GitHub 的“永久链接”机器人悄悄地毁了我的帖子的意思

About a year ago, I made a post on GitHub’s Discourse instance that included a bunch of URLs of the form “https://github.com/OWNER/REPO/tree/BRANCH/path” in order to discuss how GitHub.com processes such URLs. My post promptly received a system-generated edit with the message “Github link was replaced by a permanent link”, which appears to be coming from the discourse-github plugin. While replacing the branch name with a permanent link to the current commit ID may be a useful feature in the common case of a post citing particular code, in the special case of discussing GitHub URL processing, the edit destroyed the meaning of my post. I was lucky enough to notice the bot edit right away, and after several rounds of fighting with the bot, I eventually found a workaround of adding a <span> tag to prevent the bot’s pattern from matching, like this:

https://github.com/OWNER/REPO/tree/<span>BRANCH</span>/PATH

But other authors might not notice the bot edit and might be left with a post that would confuse readers.

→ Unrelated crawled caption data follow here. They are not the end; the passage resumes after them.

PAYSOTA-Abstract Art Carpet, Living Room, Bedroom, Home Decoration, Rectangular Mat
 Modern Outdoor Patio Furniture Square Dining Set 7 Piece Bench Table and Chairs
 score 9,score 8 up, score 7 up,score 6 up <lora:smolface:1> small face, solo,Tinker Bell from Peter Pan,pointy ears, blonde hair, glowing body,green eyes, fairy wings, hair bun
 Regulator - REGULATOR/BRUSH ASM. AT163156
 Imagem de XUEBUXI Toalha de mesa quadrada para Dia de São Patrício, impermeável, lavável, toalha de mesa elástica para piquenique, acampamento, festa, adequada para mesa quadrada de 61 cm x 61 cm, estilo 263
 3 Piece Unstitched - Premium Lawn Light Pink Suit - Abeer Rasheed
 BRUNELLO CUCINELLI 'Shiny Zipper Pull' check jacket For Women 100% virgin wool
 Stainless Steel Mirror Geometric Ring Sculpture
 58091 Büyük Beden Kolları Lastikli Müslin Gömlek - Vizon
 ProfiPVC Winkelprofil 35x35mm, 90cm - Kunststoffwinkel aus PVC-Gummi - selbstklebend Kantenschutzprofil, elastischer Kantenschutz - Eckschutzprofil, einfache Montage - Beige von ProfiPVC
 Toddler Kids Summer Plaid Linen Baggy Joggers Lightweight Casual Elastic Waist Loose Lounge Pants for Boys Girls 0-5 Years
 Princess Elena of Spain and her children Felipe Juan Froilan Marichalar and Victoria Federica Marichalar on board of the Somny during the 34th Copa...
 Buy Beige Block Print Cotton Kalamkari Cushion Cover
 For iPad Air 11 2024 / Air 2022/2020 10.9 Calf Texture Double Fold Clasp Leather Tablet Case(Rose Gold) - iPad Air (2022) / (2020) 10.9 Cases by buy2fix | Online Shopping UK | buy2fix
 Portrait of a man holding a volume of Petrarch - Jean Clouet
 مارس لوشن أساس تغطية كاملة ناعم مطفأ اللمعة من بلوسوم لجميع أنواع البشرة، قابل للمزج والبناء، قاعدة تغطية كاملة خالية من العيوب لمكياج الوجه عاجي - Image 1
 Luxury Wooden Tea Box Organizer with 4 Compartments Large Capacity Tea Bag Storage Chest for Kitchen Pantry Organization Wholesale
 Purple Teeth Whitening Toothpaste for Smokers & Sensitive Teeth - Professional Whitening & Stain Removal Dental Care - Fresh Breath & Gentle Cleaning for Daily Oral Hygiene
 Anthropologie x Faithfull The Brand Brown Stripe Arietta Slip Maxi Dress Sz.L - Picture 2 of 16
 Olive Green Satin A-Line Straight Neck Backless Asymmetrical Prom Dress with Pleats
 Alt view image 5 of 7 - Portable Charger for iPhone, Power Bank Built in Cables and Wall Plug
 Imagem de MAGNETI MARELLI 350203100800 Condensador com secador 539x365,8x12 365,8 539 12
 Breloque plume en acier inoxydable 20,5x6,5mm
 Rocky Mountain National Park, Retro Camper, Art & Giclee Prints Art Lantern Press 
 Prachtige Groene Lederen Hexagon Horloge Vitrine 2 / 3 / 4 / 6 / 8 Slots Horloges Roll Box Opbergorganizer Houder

What is the best solution to avoid undesired GitHub permanent link edits to a particular post? In general, I feel like it’s wrong for bots to make automatic edits that risk ruining a post. It would be safer to (1) ask the author when a post is saved whether the links should be edited or (2) have the bot add a permanent link without removing the original link. (I seem to recall seeing some bots on other web sites, maybe Reddit, that add information without deleting the existing information.) If the Discourse maintainers consider those options too ugly or too much work to accommodate a rare use case, some other options might be to (3) show a notice after the post is saved with a link to information about how the author can avoid the edits if needed, either as (a) a dedicated banner in the UI or (b) just a line of text added by the bot to the end of the post.

I’m not sure what would be the most reasonable design for the author to opt out of the edits. The discourse-github plugin’s site-wide exclusion settings based on the link target don’t seem well-suited for this purpose. Perhaps my current workaround with the <span> tag is adequate. Even if no change is made to Discourse, I hope this post will make the workaround easier to discover for authors who do notice the problem.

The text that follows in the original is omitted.